The Microsoft Surface Pro product line has been a great success. If you want proof of its success, just take the popularity of its design at the Consumer Electronics Show in Las Vegas this past week, where numerous tablet/laptop hybrids appeared on the show floor in an attempt to capture the Surface Pro 4’s appeal.
First in line is the Samsung Galaxy TabPro S. To be fair, Samsung produced pen-enabled Windows tablets before Microsoft did, but turned to Android, as Windows tablets weren’t profitable for the Korean company. However, now that Microsoft has succeeded, Samsung has decided to get back into the game with their new tablet.
The Verge describes Samsung’s latest device as “an Android tablet running Windows 10” and, overall, the publication is thrilled about the tablet, particularly its display.
“But the star of the show is unsurprisingly Samsung’s Super AMOLED display, which measures 12 inches diagonally and has a 2160 x 1440 pixel resolution. Its bright, colorful, and has great viewing angles, which will come as no surprise anyone that’s used a recent Samsung smartphone.”

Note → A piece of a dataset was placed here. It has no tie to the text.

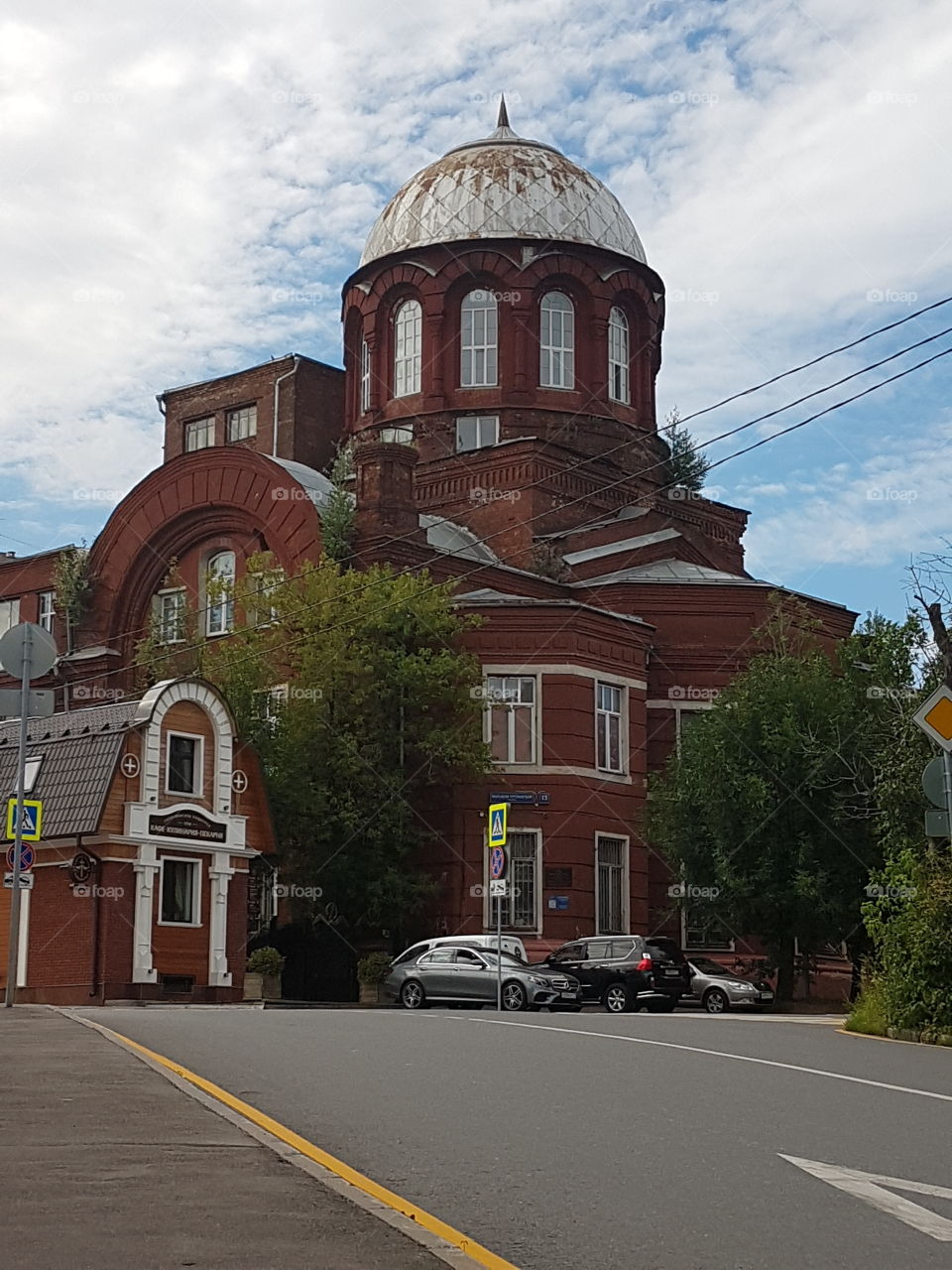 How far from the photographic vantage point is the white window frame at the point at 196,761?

The review goes on to note that Samsung claims its power-efficient display helps the device last 10.5 hours on a single charge, a feature that hasn’t been tested yet. In addition, Samsung has made software that allows TabPro S owners to link their Galaxy phones to the tablet and use them for fingerprint authentication.

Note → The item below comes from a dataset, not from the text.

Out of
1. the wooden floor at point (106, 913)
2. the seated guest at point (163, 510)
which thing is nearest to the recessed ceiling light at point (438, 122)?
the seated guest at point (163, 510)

Samsung’s Surface Pro-like device has incited a lot of excitement on Twitter.
Next up is Lenovo’s ThinkPad X1, which copies the Surface Pro 4 concept and builds on it. PCWorld is impressed with Lenovo’s effort.

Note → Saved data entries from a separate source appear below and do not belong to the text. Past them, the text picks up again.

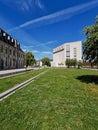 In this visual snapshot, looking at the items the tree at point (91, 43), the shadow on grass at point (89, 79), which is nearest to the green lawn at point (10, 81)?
the shadow on grass at point (89, 79)

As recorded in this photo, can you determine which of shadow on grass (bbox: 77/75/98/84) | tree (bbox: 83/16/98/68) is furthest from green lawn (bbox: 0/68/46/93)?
tree (bbox: 83/16/98/68)

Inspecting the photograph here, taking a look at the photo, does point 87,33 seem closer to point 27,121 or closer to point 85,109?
point 85,109

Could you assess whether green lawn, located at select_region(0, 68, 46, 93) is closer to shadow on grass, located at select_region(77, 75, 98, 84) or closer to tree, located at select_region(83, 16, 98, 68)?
shadow on grass, located at select_region(77, 75, 98, 84)

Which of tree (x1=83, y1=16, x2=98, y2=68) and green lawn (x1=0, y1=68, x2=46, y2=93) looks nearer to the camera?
green lawn (x1=0, y1=68, x2=46, y2=93)

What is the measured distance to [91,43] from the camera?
43.7 ft

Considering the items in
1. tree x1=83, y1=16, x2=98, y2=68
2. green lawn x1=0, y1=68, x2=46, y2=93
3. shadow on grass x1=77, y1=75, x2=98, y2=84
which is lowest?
shadow on grass x1=77, y1=75, x2=98, y2=84

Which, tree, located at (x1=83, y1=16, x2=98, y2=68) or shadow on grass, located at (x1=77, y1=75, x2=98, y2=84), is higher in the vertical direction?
tree, located at (x1=83, y1=16, x2=98, y2=68)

“The ThinkPad X1 starts as an 8.4 mm thin, 1.75-pound tablet that fattens to 13 mm and 2.4 pounds total when you attach the included keyboard. This is basically a Surface clone, but arguably with a much better standard keyboard.”
The article adds that the Surface Pro-like tablet also includes up to a sixth-generation Intel Core M7 CPU, a 1TB SSD, 16GB of RAM, and an Intel Skylake Core M7 processor. The cheapest configuration starts at $899 and should be available during the first quarter of 2015.
Toshiba is next in line in the Surface Pro 4 clone wars with the dynaPad, a 12-inch Windows 10 tablet device that promises to give consumers an almost true pen-on-paper experience with its TruePen stylus, Wacom support and 2,048 levels of pressure sensitivity. CNET was pretty impressed with the device.
“At 6.9mm thick and just 1.28 pounds (580 grams), it’s among the most travel-friendly of Windows tablets…Inside is an Intel Atom CPU, along with up to 4GB of RAM. But for drawing and sketching, you may not need much more, especially as the active pen promises Wacom support and 2,048 levels of pressure sensitivity.”
Even though the dynaPad isn’t as powerful as the Surface Pro 4, it will only cost $569 and should be available by the end of January. Toshiba hasn’t had significant success with any of their tablets and the company certainly hopes that the dynaPad will be a game changer for them.
The main problem with most of these Surface Pro 4 clones is that they run on a mobile processor (Intel Core M) rather than powerful desktop processors, such as the Intel i5 or Intel i7. The mobile processors save battery life, which may be good for those who need nothing more than an office-on-the-go mobile tablet/laptop hybrid. It remains to be seen if any of these clones will be be as successful as Microsoft’s Surface Pro 4.